0x0030 - The Clock Problem - or Iteration over Various Base N Sets in a Cuda Coding Environment
The Clock Problem - or Iteration over Various Base N Sets in a Cuda Coding Environment
The simplest way to understand the Various Base N problem is explained in a question:
I have 1283812831 seconds. How many days, hours, minutes and seconds does this index at? Silence... Head scratcher isn't it??
Naturally most programmers gloss over this simply relying in the fact that languages like Python offer timedelta which will do the heavy lifting, look up a quick solution, write some inefficient bloatware and move on.
But in Cuda coding you will find that the equivalent of the clock problem will requiring solving all the time - so you have no choice but to know how to do this. Because you are dealing with Base-N type problems - consider the following problem example set:
- Cuda kernel will launch with 32 block x 32 threads (1024 total)
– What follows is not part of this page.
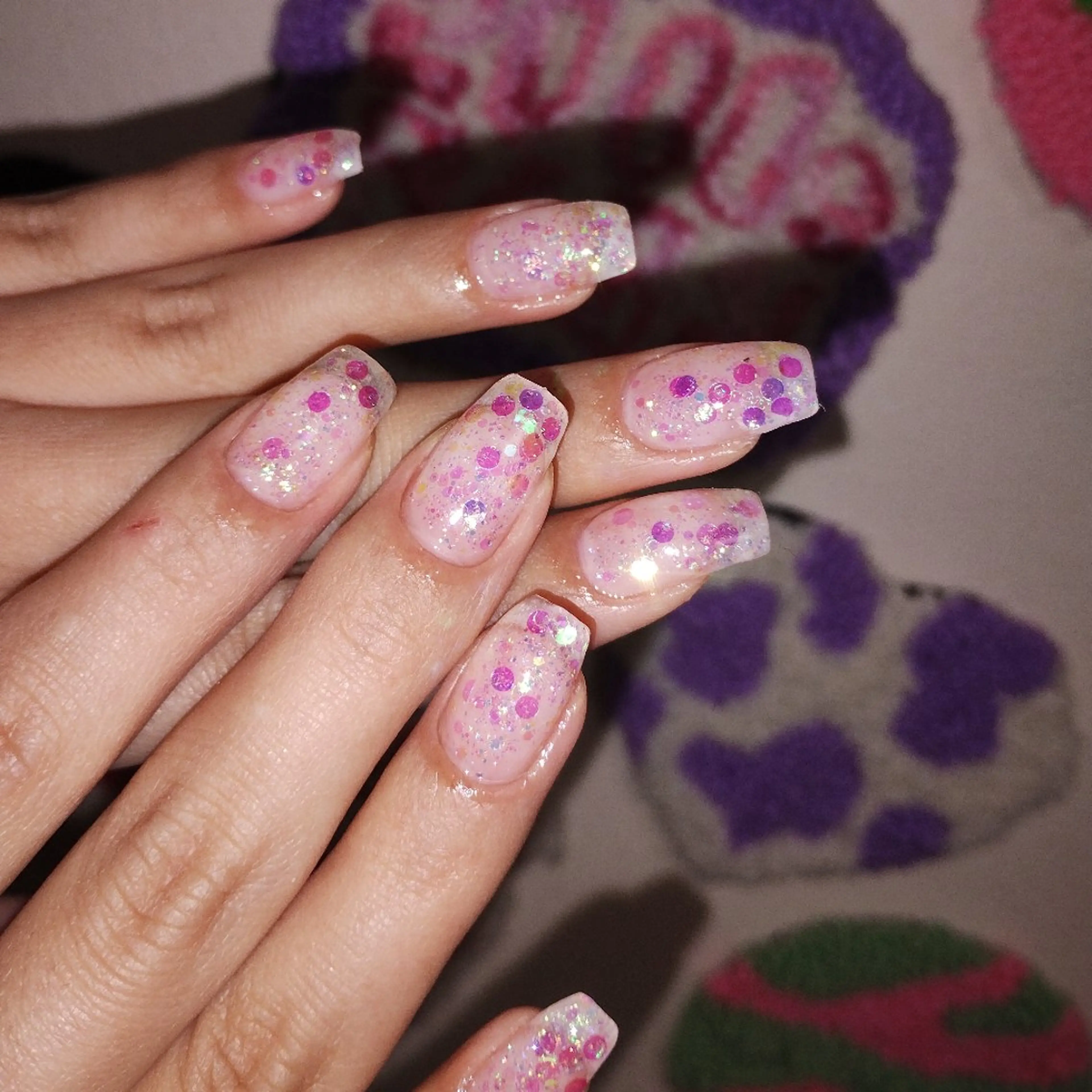 ネイル ワンカラーネイル 424 nailsのネイルデザイン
- The A variable will range from 8 - 86 (78 Possibles)
- The B variable will range from 14-600 (586 Possibles)
- The C variable will range from 0.2 - 0.9 in 0.01 increments (70 Possibles)
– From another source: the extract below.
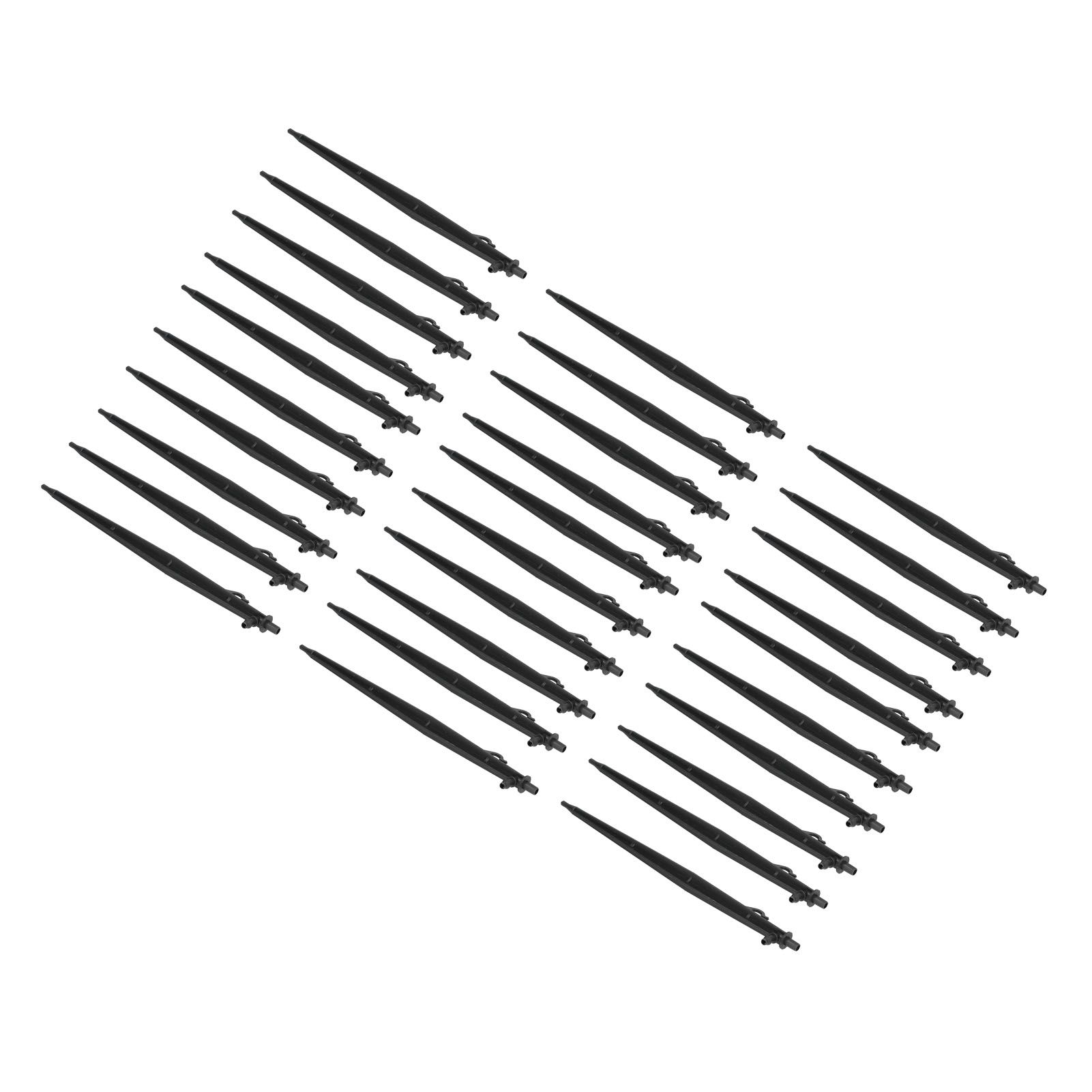 30PCS Micro Sprinkler Bracket Plastic Ground Insertion Rod Irrigation Drip Support Stake for Gardening - Image 5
- The D variable will range from 0.8 - 2.0 in 0.01 increments (120 Possibles)
We know we have 78 x 586 x 70 x 120 (383 million) possible permutations on the problem and our GPU will chunk out 1024 per iteration run.
Very similar to the BASE60 of seconds in a minute, BASE3600 seconds in a hour we have BASE76, BASE586.. etc.
We will double back and complete the clock problem and when we understand it - we can then solve the Cuda Base N problem, so:
I have 1283812831 seconds. How many days, hours, minutes and seconds does this index at? Silence... Head scratcher isn't it??
Our smallest unit of measurement is the second.
seconds in a minute = 60
seconds in a hour = 3600
seconds in a day = 86400
- Always work from the largest BASE(N) to the smallest.
days = math.floor(total_seconds / seconds_in_a_day)
days = math.floor(1283812831 / 86400)
days = 14858
remainder_seconds = 1283812831 - (14858 days * 86400 seconds in day)
remainder_seconds = 1283812831 - 1283731200 = 81631 seconds left over.
remainder_hours = math.floor(remainder_seconds / seconds_per_hour)
remainder_hours = math.floor(81631 / 3600)
remainder_hours = 22
remainder_min = math.floor(remainder_seconds_for_min / sec_per_min)
remainder_seconds_for_min = 81631 - (22 * 3600)
remainder_seconds_for_min = 2431 / 60
remainder_min = 40
remainder_sec_final = 2431 - (60 * 40)
remainder_sec_final = 31 seconds
When it's all done we have 14858 days, 22 hours, 40 minutes and 31 seconds.
Now the exact same method is applied to the cuda problem - except we are dealing with arbitrary base-N sets based upon the problem range and step.
- Total iterations 383 million or 383947200 iterations stepped at 1024 per warp call.
- The iteration cycle is the same. For instance for every iteration of Variable C we will have 120 iterations of Variable D - and for every iteration of Variable B we will have (70 x 120 iterations of D) and for every iteration of Variable A we will have (586 x 70 x 120 iterations of D)..
- Calculate your scalar offset into the problem. This is N/383947200. Since we are running 1024 threads at a instance it becomes:
- 374,948 runs per thread.
long per_thead_run_count = 383947200 / (blockDim.x * def_thread_count)
long scalar_offset = current_run * def_thread_count + cthread
Once you have your scalar_offset you simply apply the same rules as above math.floor dividing your modulus factors, consider:
I am on iteration 282828984 of 383947200. What is my value of A,B,C,D variables before it simulates?
Refreshing we have:
120 D iterations per Variable C
120 x 70 (8400 D iterations per variable B)
120 x 70 x 586 (4922400 D iterations per variable A)
A Pos = math.floor(282828984 / 4922400) = 57
A Remainder = (282828984 - (57 * 4922400) = 2252184
B Pos = math.floor(2252184 / 8400) = 268
B Remainder = 2252184 - (268 * 8400) = 984
C Pos = math.floor(984 / 120) = 8
C Remainder = 984 - (120 * 8) = 24
D = 24.
So when we are on iteration 282828984 our A=57, B=268, C=8, and D=24
Finally: application towards float ratios simply requirest a ratio:
24 / 120 * (2.0 - 0.8) + 0.8 = D = 1.04
A Real-world example implementation (note math.floor is simply discarded in a long division)
In the end none of this was practical - when it was put into production it was found that it took approximately 3 seconds to run 1 sim-cycle across the block/thread count. Multiplied by 374,000 expected runs was looking at 12.7 days per stock! Since we are looking at 5000 stocks to have a complete run time of multiple years is simply not timely. Random vector can completely blow this away and is the algorithm of choice.